= Matthias Ephlias =

Jewish priest

Matthias I Ephlias (Ματθίας ό Ήφλίον, Ήφλίον Ephlias was his Greek epithet, flourished in the second half of the 2nd century BC and the first half of the 1st century BC) was an ethnic Jew living in Jerusalem.

The meaning of Matthias' epithet is obscure. His epithet could mean ‘Handsome’ from the Hebrew language or ‘son of Ephesus’ from the Greek language, as he was sometimes known as ‘Matthias of Ephesus’. For Matthias to obtain his epithet, it reveals he may have been a distinguished Jew.

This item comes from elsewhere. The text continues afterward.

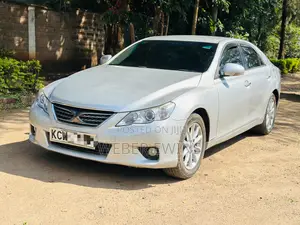 Toyota Mark X 2.5 AWD 2012 Gray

Matthias was one of the nine children born to Simon Psellus. Matthias came from a wealthy family of priestly descent. His father served as a priest in the Temple in Jerusalem. Through his father, Matthias belonged to the priestly order of the Jehoiarib, which was the first of the twenty-four orders of priests in the Temple in Jerusalem.

Matthias became a priest serving in the Temple in Jerusalem and married the daughter of High Priest Jonathon. There is a possibility that Jonathon may have been Alexander Jannaeus, the High Priest and Hasmonean ruler who governed Judea from 103 BC to 76 BC who was the second husband of Salome Alexandra. Alexander Jannaeus was also known as Jonathon.
(Flavius josephus Life story has Johnathan the oldest son of Asmoneus "Hasmonian" which simon, his father was the first to be Hyrcanus. "Johnathan Hyrcanus I...")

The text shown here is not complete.